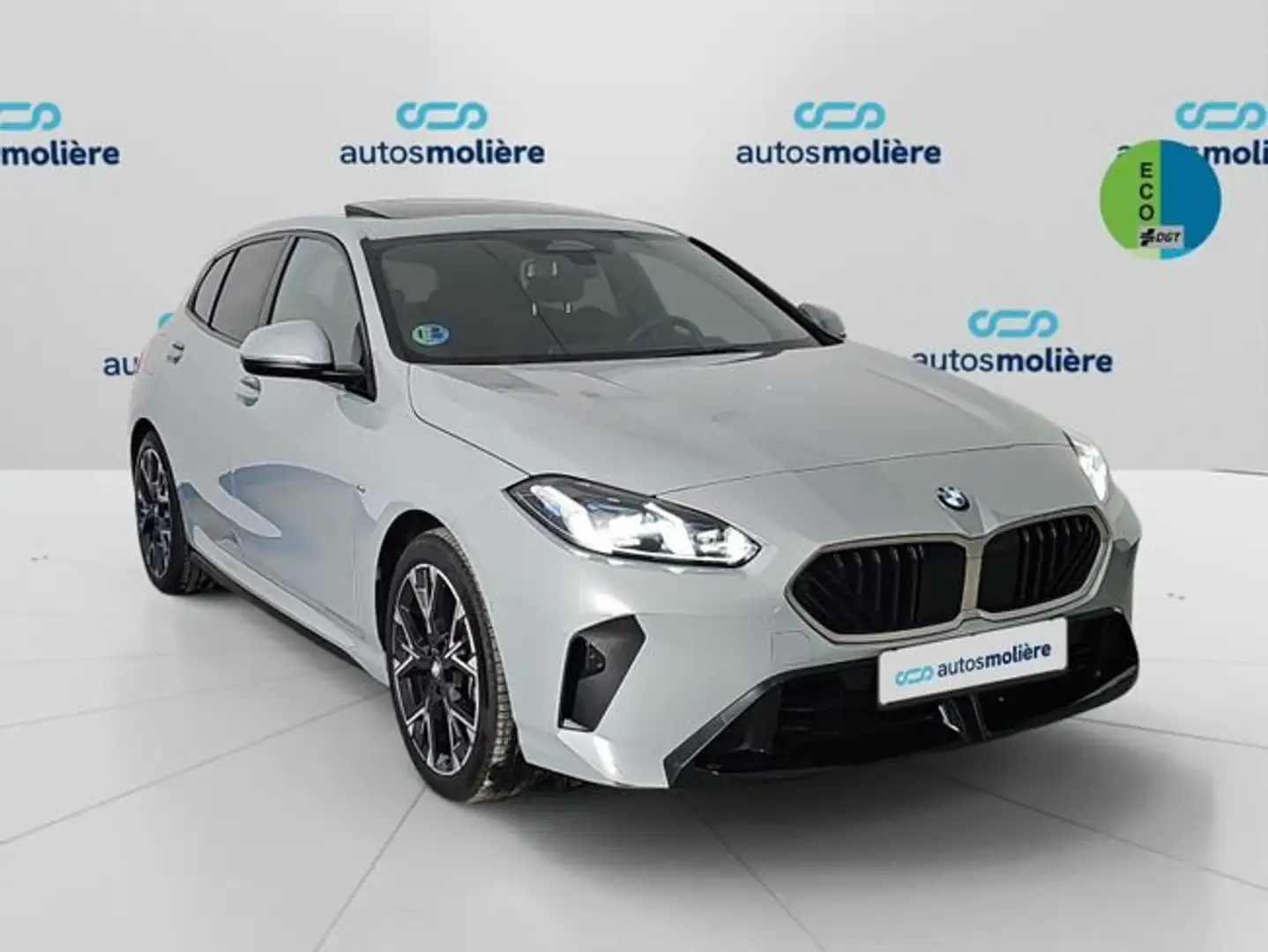 BMW 120 120i Gris - 2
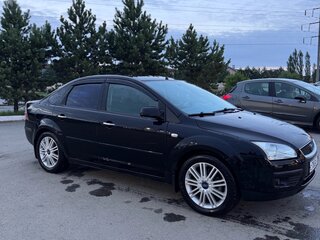 2006 Ford Focus II, чёрный, 349999 рублей, вид 5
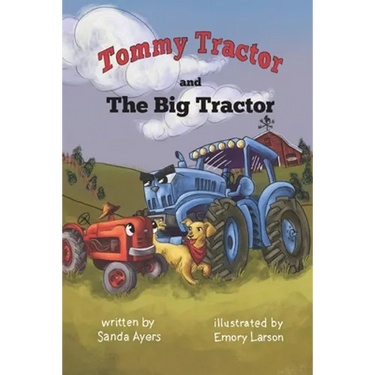 Tommy Tractor and the Big Tractor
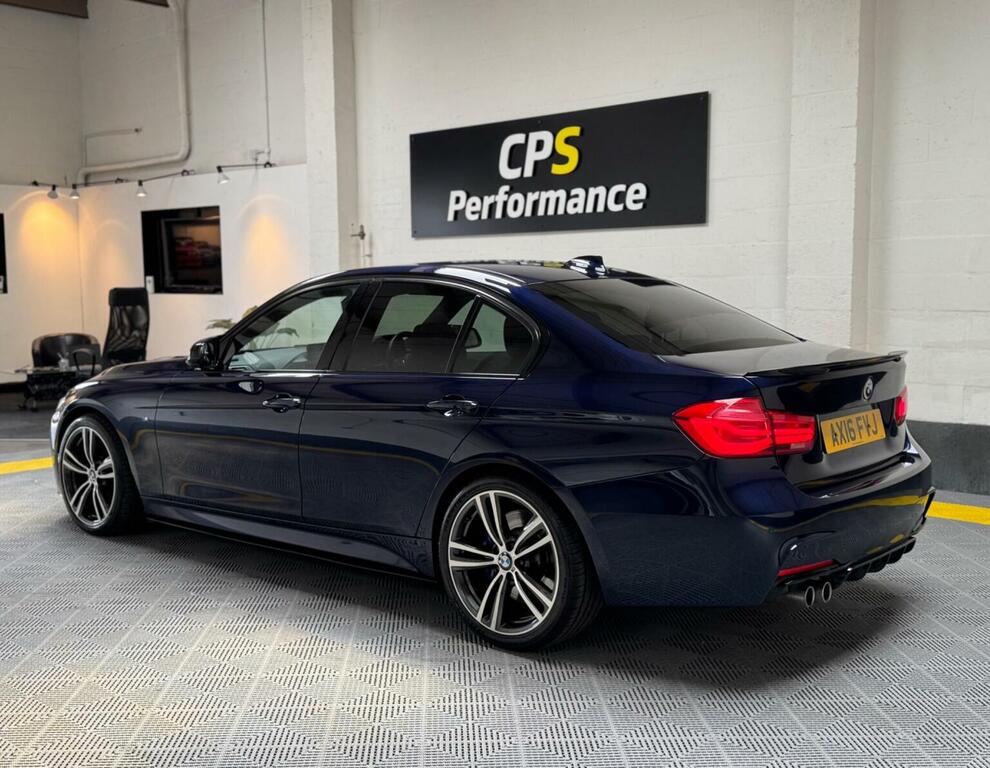 BMW 3 Series 3.0 330D M Sport Euro 6 S S Blue #6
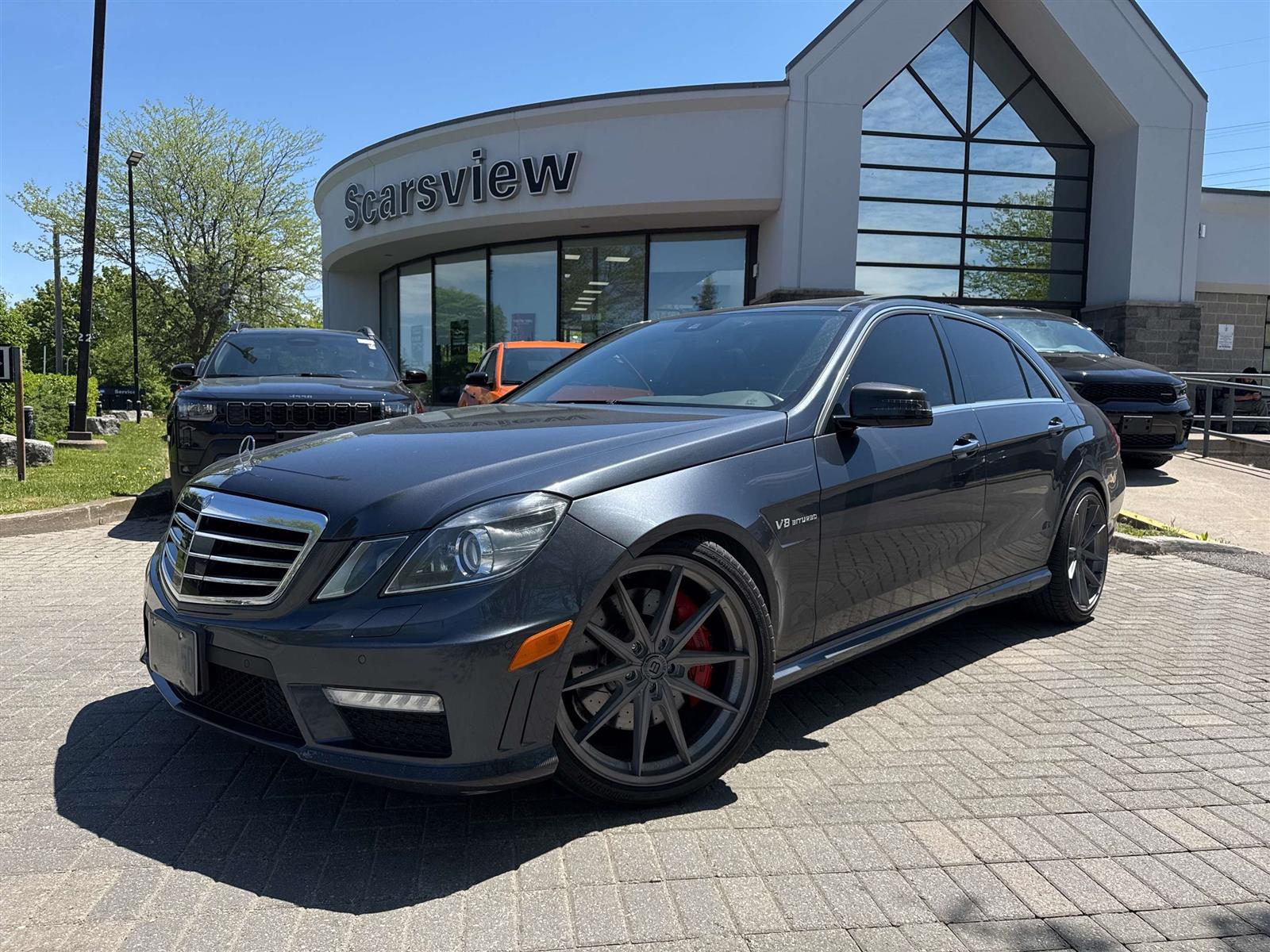 2012 Mercedes-Benz E-Class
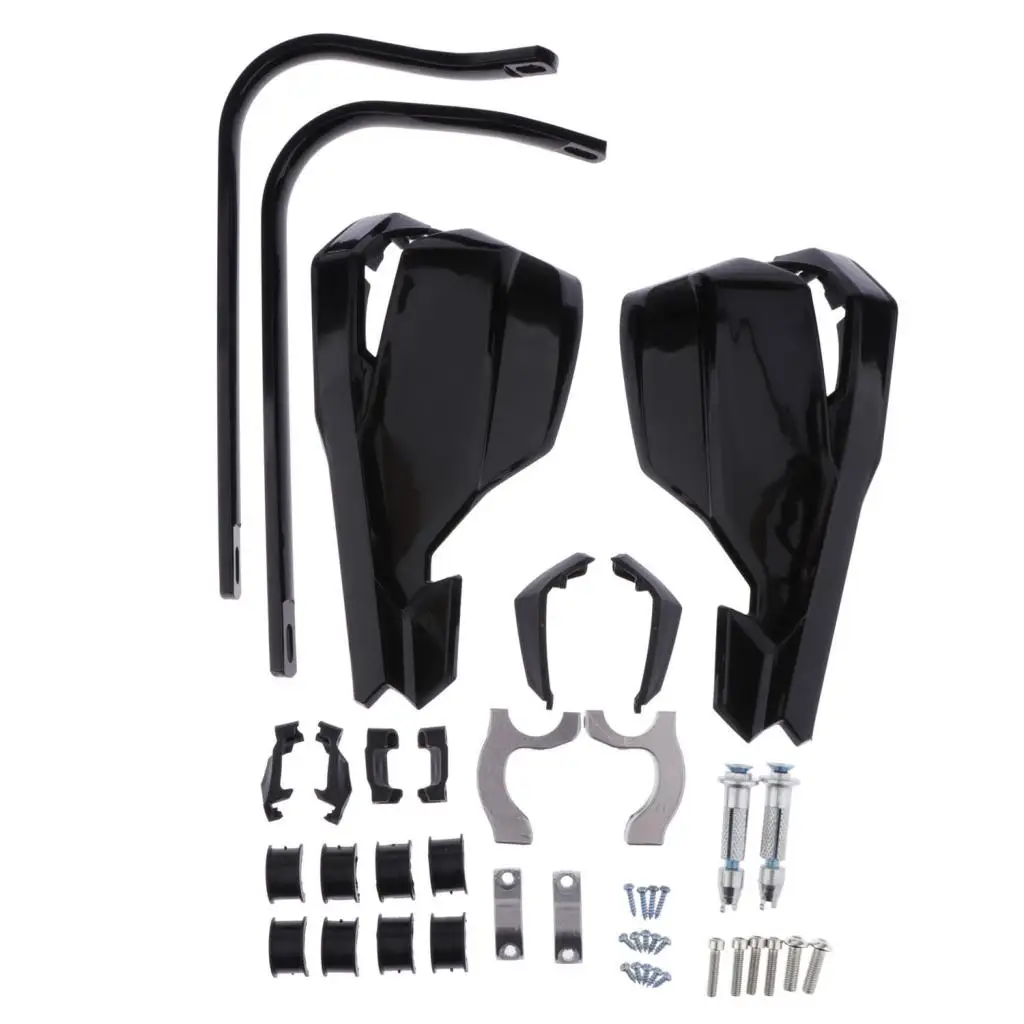 

Motorcross Handlebar Handguards Hand Guards 7/8" 22mm Or 1-1/8 28mm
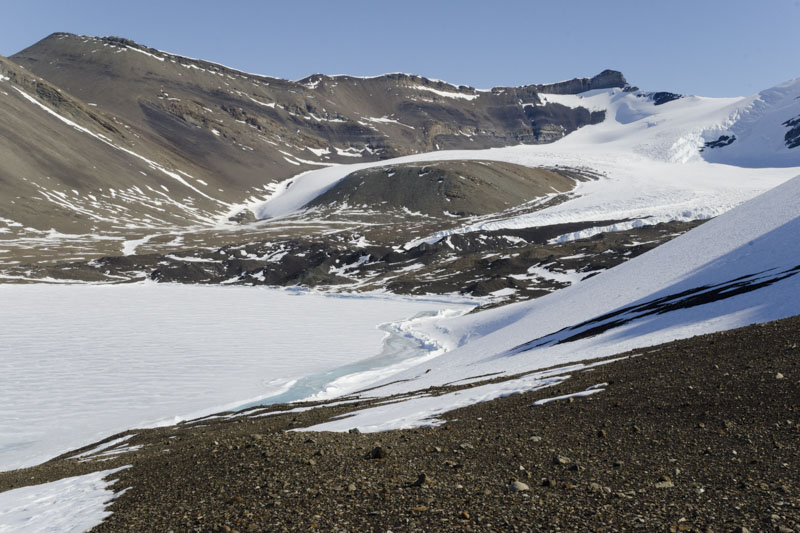 'Ablation Valley Glacier'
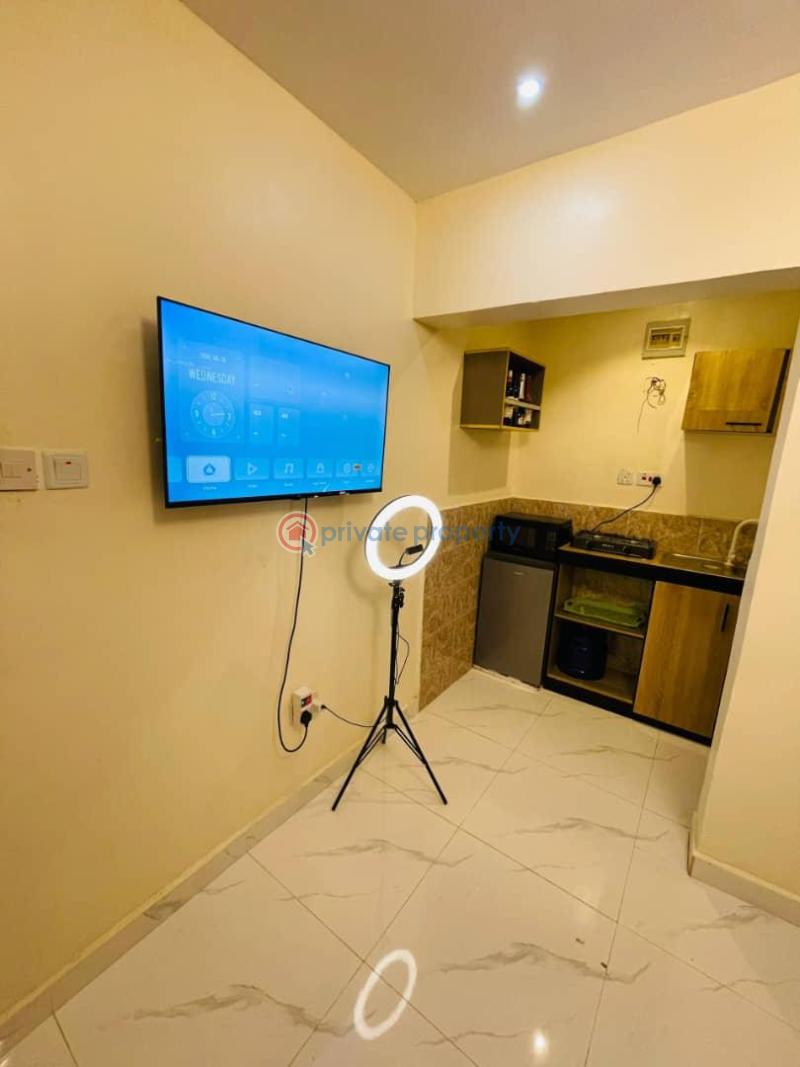 1 bedroom Studio Apartment Short let Osanyipeju Akoka Yaba Lagos - 0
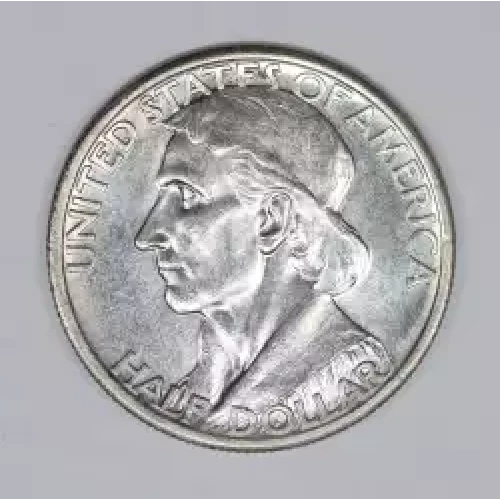 Classic Commemorative Silver--- Daniel Boone Bicentennial 1934-1938-Silver- 0.5 Dollar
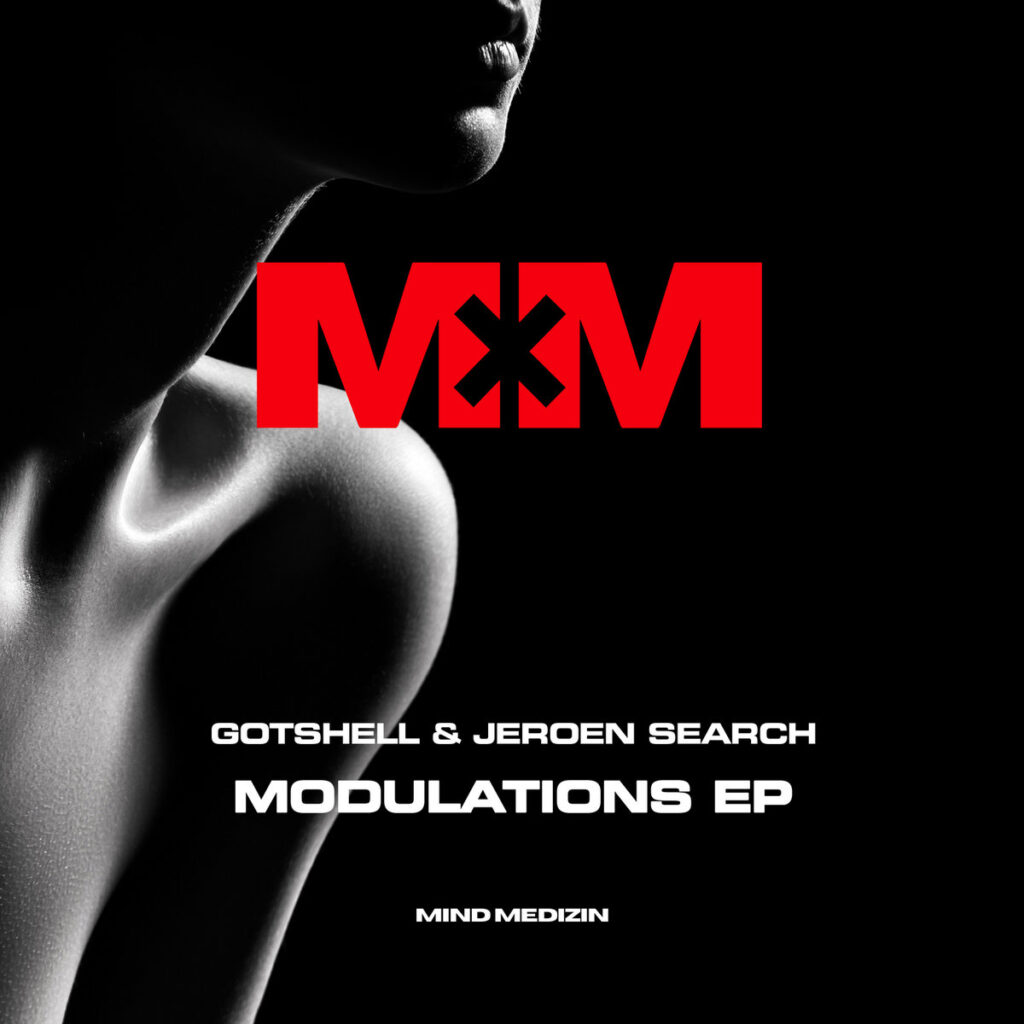 cover image of MODULATIONS EP by GOTSHELL & JEROEN SEARCH on MIND MEDIZIN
▬▬▬▬▬▬
Description of the task:
Exactly as written above, print every record, and keep the pictures out.

Response:
 BMW 120 120i Gris - 2
 2006 Ford Focus II, чёрный, 349999 рублей, вид 5
 Tommy Tractor and the Big Tractor
 BMW 3 Series 3.0 330D M Sport Euro 6 S S Blue #6
 2012 Mercedes-Benz E-Class

Motorcross Handlebar Handguards Hand Guards 7/8" 22mm Or 1-1/8 28mm
 'Ablation Valley Glacier'
 1 bedroom Studio Apartment Short let Osanyipeju Akoka Yaba Lagos - 0
 Classic Commemorative Silver--- Daniel Boone Bicentennial 1934-1938-Silver- 0.5 Dollar
 cover image of MODULATIONS EP by GOTSHELL & JEROEN SEARCH on MIND MEDIZIN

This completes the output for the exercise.